Brian Osborne (26 March 1940 – 8 July 2021) was an English actor. He was best known for his roles in Upstairs, Downstairs and The Sandbaggers. Osborne also had minor roles in six Carry On films as well the TV series Carry On Laughing.

Early life
Brian Osborne was born in 1940 in Bath, Somerset. He started acting while at school. Later he toured school with a children's theatre company and he played The Pied Piper of Hamelin. His first television role was in 1966 in an episode of Softly, Softly. After this he toured Europe and the United States with the Royal Shakespeare Company, as well as having roles in Bless This House and Follyfoot.

1970s and 1980s
In 1971, Brian Osborne secured the role of Pearce, the coachman, in the period drama Upstairs, Downstairs. This role did not play a large part in the programme and Pearce left Eaton Place in the programme's second series in 1972. In the same year, Osborne was in Carry On Matron.

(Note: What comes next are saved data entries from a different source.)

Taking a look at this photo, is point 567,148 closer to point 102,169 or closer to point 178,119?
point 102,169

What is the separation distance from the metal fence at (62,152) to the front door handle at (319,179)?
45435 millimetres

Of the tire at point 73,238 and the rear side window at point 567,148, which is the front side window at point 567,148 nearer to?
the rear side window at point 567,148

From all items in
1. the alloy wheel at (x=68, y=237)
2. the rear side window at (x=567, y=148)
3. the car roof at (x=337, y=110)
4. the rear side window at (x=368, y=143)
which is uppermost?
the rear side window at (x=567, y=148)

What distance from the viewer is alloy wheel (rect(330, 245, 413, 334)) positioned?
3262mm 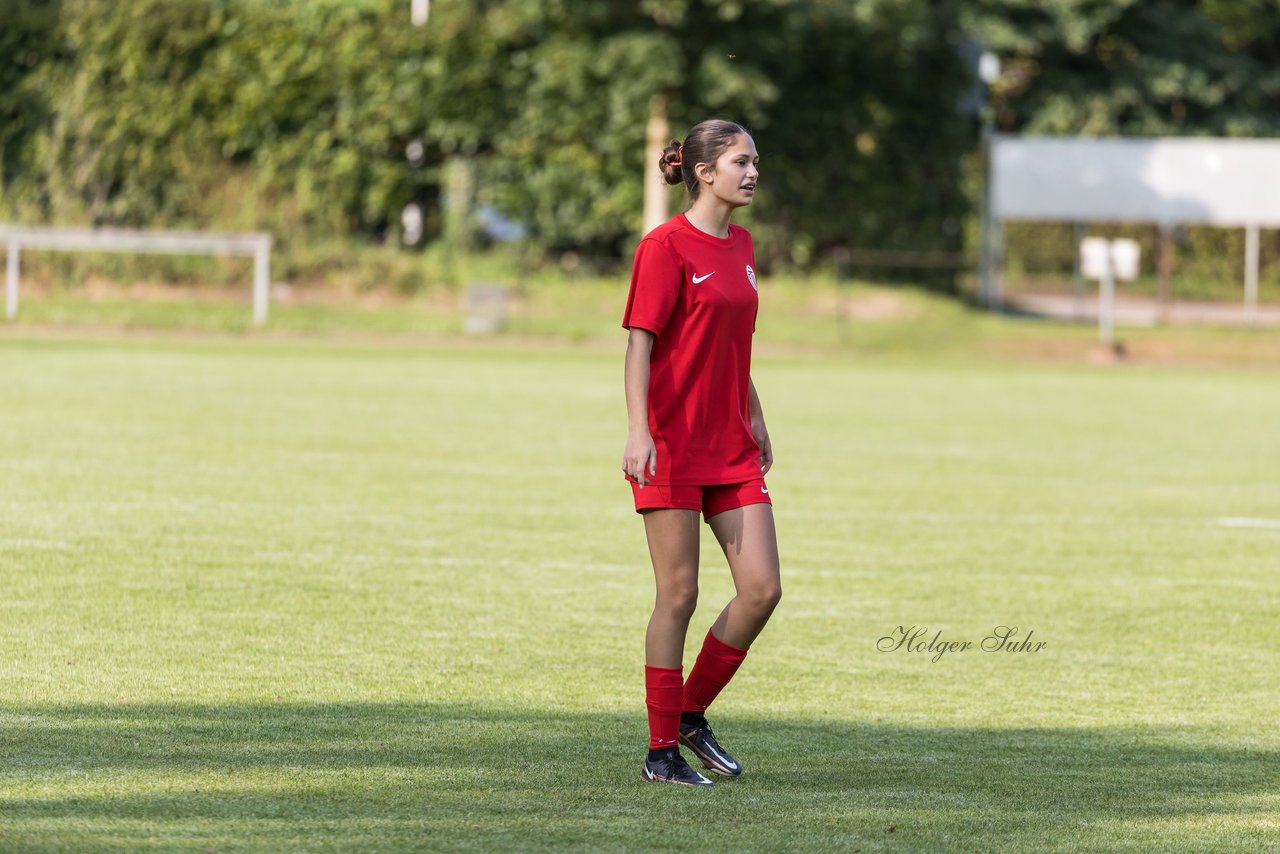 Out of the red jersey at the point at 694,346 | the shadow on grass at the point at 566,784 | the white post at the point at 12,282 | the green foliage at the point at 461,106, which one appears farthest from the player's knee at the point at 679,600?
the green foliage at the point at 461,106

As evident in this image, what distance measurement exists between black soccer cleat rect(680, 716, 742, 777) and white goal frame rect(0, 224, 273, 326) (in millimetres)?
28235

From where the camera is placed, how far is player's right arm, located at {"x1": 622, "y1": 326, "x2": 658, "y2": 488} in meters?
6.09

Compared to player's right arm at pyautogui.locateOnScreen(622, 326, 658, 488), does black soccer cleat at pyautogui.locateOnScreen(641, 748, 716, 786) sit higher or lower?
lower

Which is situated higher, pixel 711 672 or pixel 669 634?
pixel 669 634

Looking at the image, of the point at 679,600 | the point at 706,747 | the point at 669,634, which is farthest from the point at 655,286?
the point at 706,747

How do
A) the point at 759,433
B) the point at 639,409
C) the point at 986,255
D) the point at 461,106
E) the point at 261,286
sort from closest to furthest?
the point at 639,409, the point at 759,433, the point at 261,286, the point at 986,255, the point at 461,106

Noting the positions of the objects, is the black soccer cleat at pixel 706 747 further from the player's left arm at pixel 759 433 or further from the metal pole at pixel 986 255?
the metal pole at pixel 986 255

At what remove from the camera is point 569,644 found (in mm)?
8766

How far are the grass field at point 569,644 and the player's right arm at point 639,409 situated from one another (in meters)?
0.99

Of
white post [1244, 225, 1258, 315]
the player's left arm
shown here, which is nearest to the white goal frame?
white post [1244, 225, 1258, 315]

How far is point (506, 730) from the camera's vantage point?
6.94 meters

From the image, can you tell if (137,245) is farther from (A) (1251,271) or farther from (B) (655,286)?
(B) (655,286)

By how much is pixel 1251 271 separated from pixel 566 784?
35.9 m

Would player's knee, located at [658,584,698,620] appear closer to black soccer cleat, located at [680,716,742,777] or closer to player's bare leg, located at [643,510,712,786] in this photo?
player's bare leg, located at [643,510,712,786] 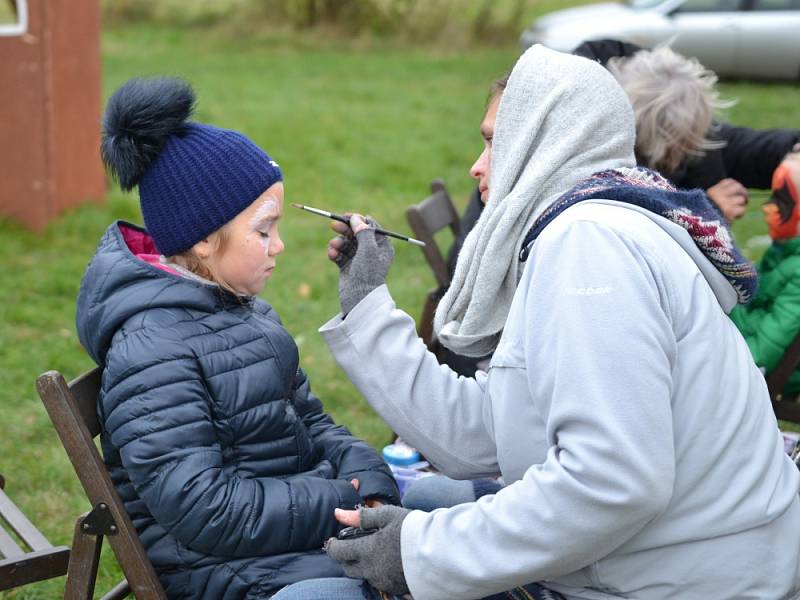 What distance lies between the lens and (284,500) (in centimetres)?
231

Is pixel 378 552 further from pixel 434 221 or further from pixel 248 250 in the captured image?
pixel 434 221

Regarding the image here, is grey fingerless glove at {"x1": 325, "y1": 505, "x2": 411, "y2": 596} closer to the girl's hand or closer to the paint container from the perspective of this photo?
the girl's hand

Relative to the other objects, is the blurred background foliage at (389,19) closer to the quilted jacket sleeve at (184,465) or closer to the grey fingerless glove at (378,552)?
the quilted jacket sleeve at (184,465)

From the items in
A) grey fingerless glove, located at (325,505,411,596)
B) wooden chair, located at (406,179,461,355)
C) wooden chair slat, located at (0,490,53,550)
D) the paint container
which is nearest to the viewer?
grey fingerless glove, located at (325,505,411,596)

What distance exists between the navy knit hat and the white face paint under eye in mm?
29

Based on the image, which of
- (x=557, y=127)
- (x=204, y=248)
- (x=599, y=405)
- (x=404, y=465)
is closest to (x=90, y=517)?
(x=204, y=248)

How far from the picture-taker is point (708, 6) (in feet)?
43.8

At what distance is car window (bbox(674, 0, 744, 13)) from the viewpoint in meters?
13.3

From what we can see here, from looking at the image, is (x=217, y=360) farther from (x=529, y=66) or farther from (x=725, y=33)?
(x=725, y=33)

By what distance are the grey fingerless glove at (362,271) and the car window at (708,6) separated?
1190cm

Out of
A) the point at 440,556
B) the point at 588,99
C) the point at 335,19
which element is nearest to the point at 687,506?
the point at 440,556

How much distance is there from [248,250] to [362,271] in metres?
0.26

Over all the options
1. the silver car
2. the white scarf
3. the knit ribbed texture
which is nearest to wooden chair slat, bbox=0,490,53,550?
the knit ribbed texture

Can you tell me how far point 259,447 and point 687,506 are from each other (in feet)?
3.07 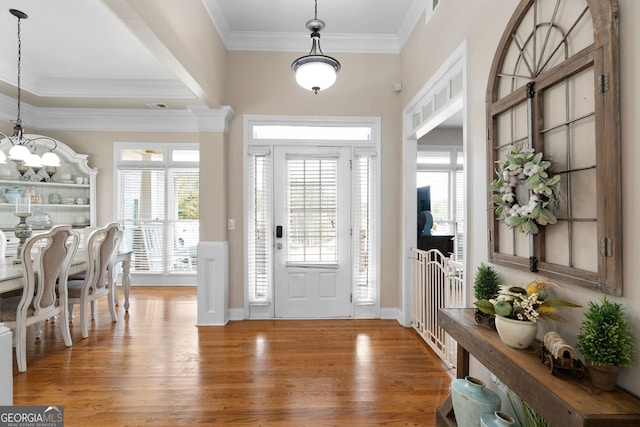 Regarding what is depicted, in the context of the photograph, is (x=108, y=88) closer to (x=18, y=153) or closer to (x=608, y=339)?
(x=18, y=153)

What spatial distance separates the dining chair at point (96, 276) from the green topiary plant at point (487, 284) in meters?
3.65

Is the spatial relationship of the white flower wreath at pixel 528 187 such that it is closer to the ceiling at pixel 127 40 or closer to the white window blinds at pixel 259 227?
the ceiling at pixel 127 40

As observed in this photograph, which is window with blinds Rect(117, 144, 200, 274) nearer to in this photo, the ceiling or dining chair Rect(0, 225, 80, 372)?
the ceiling

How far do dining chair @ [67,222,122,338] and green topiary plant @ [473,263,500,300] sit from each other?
3.65m

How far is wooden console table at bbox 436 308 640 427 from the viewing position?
3.02ft

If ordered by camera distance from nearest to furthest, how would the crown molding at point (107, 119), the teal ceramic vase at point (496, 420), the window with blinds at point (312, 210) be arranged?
the teal ceramic vase at point (496, 420)
the window with blinds at point (312, 210)
the crown molding at point (107, 119)

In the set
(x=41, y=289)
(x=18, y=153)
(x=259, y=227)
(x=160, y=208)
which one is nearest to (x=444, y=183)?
(x=259, y=227)

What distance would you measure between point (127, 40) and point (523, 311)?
450 cm

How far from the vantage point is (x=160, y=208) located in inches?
218

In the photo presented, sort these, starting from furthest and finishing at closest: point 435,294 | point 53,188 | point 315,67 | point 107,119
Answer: point 107,119 < point 53,188 < point 435,294 < point 315,67

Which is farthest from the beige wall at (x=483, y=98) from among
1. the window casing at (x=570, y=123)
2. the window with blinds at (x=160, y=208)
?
the window with blinds at (x=160, y=208)

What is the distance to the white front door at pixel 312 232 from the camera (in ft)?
12.3

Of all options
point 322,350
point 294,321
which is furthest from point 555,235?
point 294,321

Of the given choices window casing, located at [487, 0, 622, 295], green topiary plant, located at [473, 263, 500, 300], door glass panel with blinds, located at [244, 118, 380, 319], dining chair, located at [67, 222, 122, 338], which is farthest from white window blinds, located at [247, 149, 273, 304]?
window casing, located at [487, 0, 622, 295] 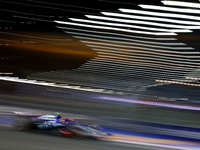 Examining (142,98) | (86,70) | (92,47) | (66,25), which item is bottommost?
(142,98)

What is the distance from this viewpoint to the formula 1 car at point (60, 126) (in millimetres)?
4184

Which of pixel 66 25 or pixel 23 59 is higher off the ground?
pixel 66 25

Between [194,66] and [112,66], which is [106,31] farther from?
[194,66]

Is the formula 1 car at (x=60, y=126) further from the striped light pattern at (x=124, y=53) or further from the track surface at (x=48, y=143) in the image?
the striped light pattern at (x=124, y=53)

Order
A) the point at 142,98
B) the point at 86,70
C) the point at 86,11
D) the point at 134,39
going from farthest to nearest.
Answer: the point at 134,39
the point at 86,70
the point at 142,98
the point at 86,11

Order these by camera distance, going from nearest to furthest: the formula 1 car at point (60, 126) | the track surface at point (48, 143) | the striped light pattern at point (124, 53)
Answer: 1. the track surface at point (48, 143)
2. the formula 1 car at point (60, 126)
3. the striped light pattern at point (124, 53)

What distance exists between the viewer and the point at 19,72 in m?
14.5

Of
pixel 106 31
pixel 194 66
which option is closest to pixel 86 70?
pixel 106 31

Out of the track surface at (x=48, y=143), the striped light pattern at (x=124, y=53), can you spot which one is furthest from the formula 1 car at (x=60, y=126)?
the striped light pattern at (x=124, y=53)

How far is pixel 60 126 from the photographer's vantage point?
13.9 feet

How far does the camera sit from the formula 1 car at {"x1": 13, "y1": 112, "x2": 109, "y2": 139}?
165 inches

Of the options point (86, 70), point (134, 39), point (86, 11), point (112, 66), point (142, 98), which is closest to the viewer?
point (86, 11)

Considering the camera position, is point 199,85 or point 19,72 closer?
point 199,85

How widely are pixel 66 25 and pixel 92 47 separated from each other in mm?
1710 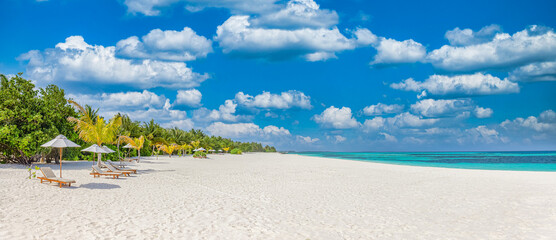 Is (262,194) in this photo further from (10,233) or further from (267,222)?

This was the first of six Carry On appearances, the others being Carry On Abroad, Carry On Girls, Carry On Dick, Carry On Behind and Carry On England. In addition, he appeared in seven episodes of the TV series Carry On Laughing. In 1973, he appeared in an episode of Some Mothers Do 'Ave 'Em and in 1976 appeared in an episode of Space: 1999. From 1978 to 1980 he played Sam Lawes in six episodes of Cold War drama The Sandbaggers.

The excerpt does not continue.